5. Build and Installation

    % make
    % make install


6. Testing

    % cd share/FastGlobalFileStatus/tests

    Test cases are installed into this directory. If you want to 
    increase the verbosity level, use the MPA_TEST_ENABLE_VERBOSE
    environment variable. E.g., 

    % setenv MPA_TEST_ENABLE_VERBOSE 1 

    The current test cases:
    * MPIScalingSetup.sh: sets up scaling experiments for 
        FGFS global file status queries with MPI in ./FGFS.Scaling.MPI.
        The generated scripts/batchscripts are for MOAB/SLURM environment.
        We appreciate any effort to port these experiments to other grid 
        software and/or resource manager software. See the header of 
        this testing script for more details.

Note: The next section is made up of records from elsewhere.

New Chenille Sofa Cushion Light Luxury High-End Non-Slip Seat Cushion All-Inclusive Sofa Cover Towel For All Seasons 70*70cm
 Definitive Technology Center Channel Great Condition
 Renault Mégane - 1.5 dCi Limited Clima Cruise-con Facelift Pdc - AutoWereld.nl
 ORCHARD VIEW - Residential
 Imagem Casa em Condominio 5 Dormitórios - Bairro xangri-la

    * MRNetScalingSetup.sh: sets up scaling experiments for 
        FGFS global file status queries with MRNet in ./FGFS.Scaling.MRNet.
        The generated scripts/batchscripts are for MOAB/SLURM environment.
        We appreciate any effort to port these experiments to other grid 
        software and/or resource manager software. See the header of
        this testing script for more details.

    * st_classifier_constmem_per_proc: tests FGFS global file systems 
        status queries. Processes perform 4 separate file systems 
        status queries with equal per-process storage requirements:
        1MB, 1GB, 2GB, and 4GB. This test is configured with MPI 
        and also requires manual validation whether the returned match 
        vector meets the requirement. 

    * st_classifier_big_on_oneproc: tests FGFS global file systems 
        status queries. Processes perform 6 separate file systems 
        status queries with only one process asking for much larger 
        amounts. All but one process (MPI rank process 1) alwasy ask 
        for 1MB whereas MPI rank 1 requests 4GB, 8GB, 16GB, 32GB, 
        1TB and 4TB across these 6 queries. This test is configuted 
        with MPI and also requires manual validation 
        whether the returned match vector meets the requirement. 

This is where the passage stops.